Description of problem: strace sometimes hangs during detaching from a multithreaded application during CTRL-C of strace itself. As a sideeffects in some cases the multithreaded application gets Stopped (T, by SIGSTOP) and needs to be sent `kill -CONT'. Shell prints: [1]+ Stopped appname args Version-Release number of selected component (if applicable): strace-4.5.15-1.el5.ia64 kernel-2.6.18-8.el5.ia64 How reproducible: The application Stopped (T) state always - see also Bug 240961. The strace hang best/only reproduced on ia64, in about 10% of testruns. Steps to Reproduce: 1. gcc -o mt3-tkill mt3-tkill.c -Wall -ggdb2 -pthread 2. ./mt3-tkill 3. On other console: strace -o /tmp/x -f -p `pidof mt3-tkill' Actual results: Process 13968 attached with 64 threads - interrupt to quit Process 13907 detached ... Process 13905 detached [HANG] Expected results: Process 13968 attached with 64 threads - interrupt to quit Process 13907 detached ... Process 13900 detached [EXIT] Additional info: The process being traced gets into state: /proc/12664/task/12664/status:State: S (sleeping) /proc/12664/task/12665/status:State: T (tracing stop) ... /proc/12664/task/12730/status:State: T (tracing stop) with STRACE in state: #0 0xa000000000010641 in __kernel_syscall_via_break () #1 0x2000000000162fe0 in wait4 () from /lib/tls/libc.so.6.1 #2 0x4000000000008420 in detach (tcp=0x600000000001c050, sig=0) at strace.c:1337 1337 if (wait4(tcp->pid, &status, __WALL, NULL) < 0) { #3 0x40000000000093b0 in cleanup () at strace.c:1516 #4 0x4000000000006ea0 in main (argc=6, argv=0x60000fffffff9f18) at strace.c:803 - STRACE sends SIGSTOP to the process thread group leader but never receives it back through wait4().
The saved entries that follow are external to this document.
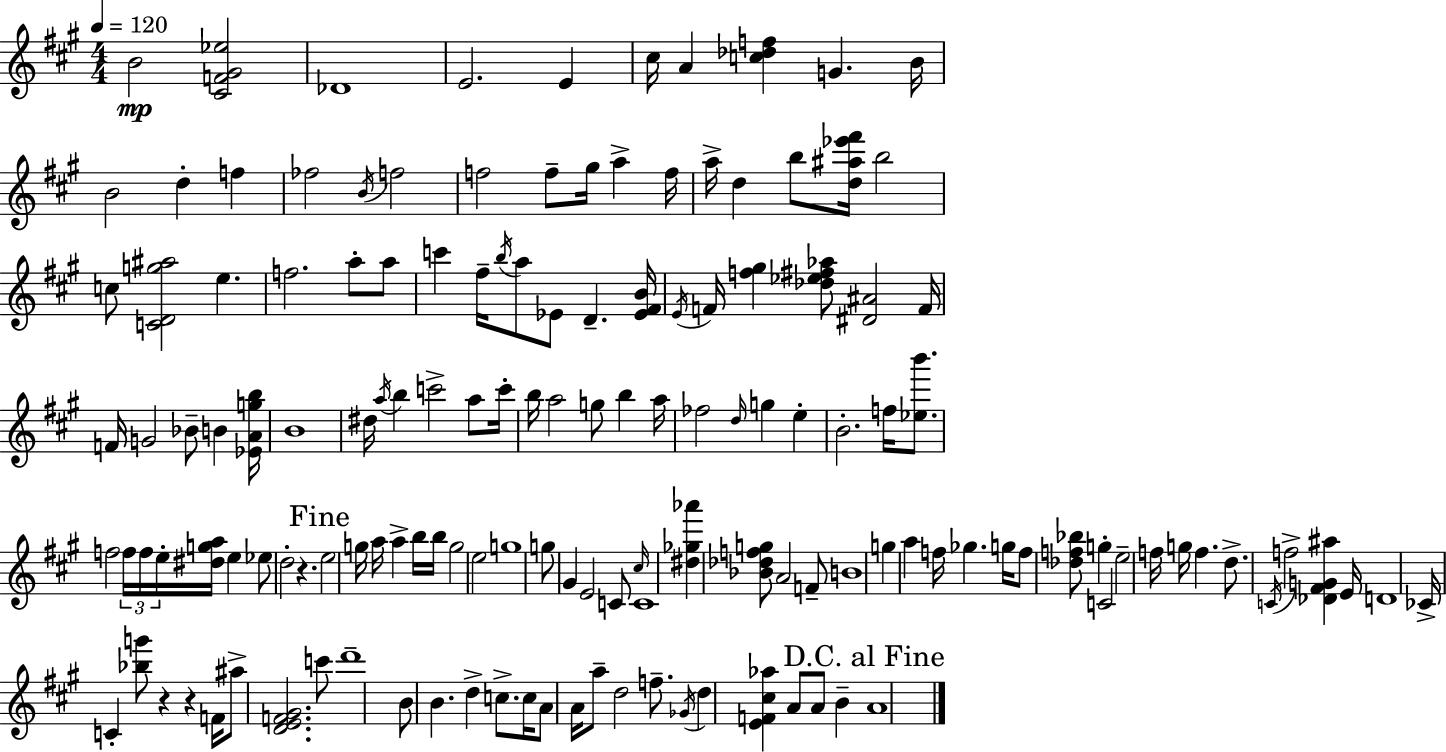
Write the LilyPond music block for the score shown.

{
  \clef treble
  \numericTimeSignature
  \time 4/4
  \key a \major
  \tempo 4 = 120
  \repeat volta 2 { b'2\mp <cis' f' gis' ees''>2 | des'1 | e'2. e'4 | cis''16 a'4 <c'' des'' f''>4 g'4. b'16 | \break b'2 d''4-. f''4 | fes''2 \acciaccatura { b'16 } f''2 | f''2 f''8-- gis''16 a''4-> | f''16 a''16-> d''4 b''8 <d'' ais'' ees''' fis'''>16 b''2 | \break c''8 <c' d' g'' ais''>2 e''4. | f''2. a''8-. a''8 | c'''4 fis''16-- \acciaccatura { b''16 } a''8 ees'8 d'4.-- | <ees' fis' b'>16 \acciaccatura { e'16 } f'16 <f'' gis''>4 <des'' ees'' fis'' aes''>8 <dis' ais'>2 | \break f'16 f'16 g'2 bes'8-- b'4 | <ees' a' g'' b''>16 b'1 | dis''16 \acciaccatura { a''16 } b''4 c'''2-> | a''8 c'''16-. b''16 a''2 g''8 b''4 | \break a''16 fes''2 \grace { d''16 } g''4 | e''4-. b'2.-. | f''16 <ees'' b'''>8. f''2 \tuplet 3/2 { f''16 f''16 e''16-. } | <dis'' g'' a''>16 e''4 ees''8 d''2-. r4. | \break \mark "Fine" e''2 g''16 a''16 a''4-> | b''16 b''16 g''2 e''2 | g''1 | g''8 gis'4 e'2 | \break c'8 \grace { cis''16 } c'1 | <dis'' ges'' aes'''>4 <bes' des'' f'' g''>8 a'2 | f'8-- b'1 | g''4 a''4 f''16 ges''4. | \break g''16 f''8 <des'' f'' bes''>8 g''4-. c'2 | e''2-- f''16 g''16 | f''4. d''8.-> \acciaccatura { c'16 } f''2-> | <des' fis' g' ais''>4 e'16 d'1 | \break ces'16-> c'4-. <bes'' g'''>8 r4 | r4 f'16 ais''8-> <d' e' f' gis'>2. | c'''8 d'''1-- | b'8 b'4. d''4-> | \break c''8.-> c''16 a'8 a'16 a''8-- d''2 | f''8.-- \acciaccatura { ges'16 } d''4 <e' f' cis'' aes''>4 | a'8 a'8 b'4-- \mark "D.C. al Fine" a'1 | } \bar "|."
}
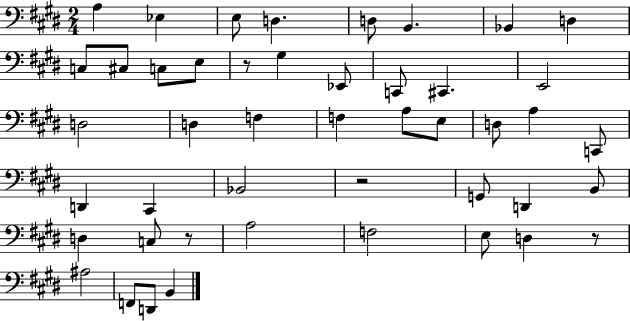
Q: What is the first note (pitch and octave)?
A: A3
Testcase contains workaround of Linux kernel Bug leaking ERESTARTNOINTR to the userland, it is present on some older Linux kernel variants around 2.6.9. This Linux kernel problem otherwise does not affect this Bug.
Created attachment 155244 [details] Testcase.
Created attachment 155246 [details] Bugfix.
The problem occurs due to kill() may choose arbitrarily the target task of the process group while we later wait just on one specific TID. PID process waits become TID task specific waits for process under ptrace(2). [ Roland McGrath originally provided this useful info. ] Unfortunately the POSIX specification does not seem to mention this behavior: http://www.opengroup.org/onlinepubs/009695399/functions/kill.html This paragraph talks only about kill (getpid (), ...): If the value of pid causes sig to be generated for the sending process, and if sig is not blocked for the calling thread and if no other thread has sig unblocked or is waiting in a sigwait() function for sig, either sig or at least one pending unblocked signal shall be delivered to the sending thread before kill() returns.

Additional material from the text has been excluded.